Experimenting with OpenCL for Tesseract

Update (2015-09-08):

A pull request I submitted to Homebrew to add a --with-opencl option to the tesseract formula has now been accepted, so you should be able to just do brew install --HEAD --with-opencl tesseract. For issues with OpenCL-enabled Tesseract on OS X, please see this issue.

After coming across these instructions for building Tesseract with OpenCL support, I wanted to experiment with this feature to see if it would enable faster OCR processing. I also came across this blog post experimenting with the feature under Linux and Windows, but I wanted to try it on Mac OS X and AWS EC2 GPU instances.
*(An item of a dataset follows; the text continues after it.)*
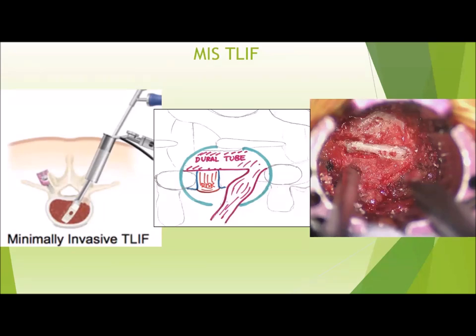In addition, the anatomic window you're working in to safely access the disc space is confined by the thecal sac or dural tube medially, the exiting nerve above you, and then the pedicle of the segment below, so you really only have a couple centimeters to safely get into the disc space. The size of the T-LIF interbody spacers can therefore be quite small. It can also be quite easy to get disoriented or lose track of your anatomic landmarks since you're working in a hollow tube with no reference point outside of exactly what you're looking at. One of the keys to this procedure is establishing your orientation based on consistent landmarks that you don't plan on changing or removing during the procedure.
Using Mac OS X with Homebrew

Here I built off my existing work modifying the Tesseract Homebrew formula to install the Tesseract training tools.

The only gotcha (as I serendipitously found out) is that there appears to be a bug in the OpenCL build under OS X that will cause it to fail if you don’t have a /opt/local directory for it to include. As I didn’t feel like fixing this, you can simply work around it by running sudo mkdir -p /opt/local before installing with the command:

brew install --training-tools --all-languages --opencl --HEAD https://github.com/ryanfb/homebrew/raw/tesseract_training/Library/Formula/tesseract.rb

If all went well, you should now have an OpenCL-enabled build of Tesseract.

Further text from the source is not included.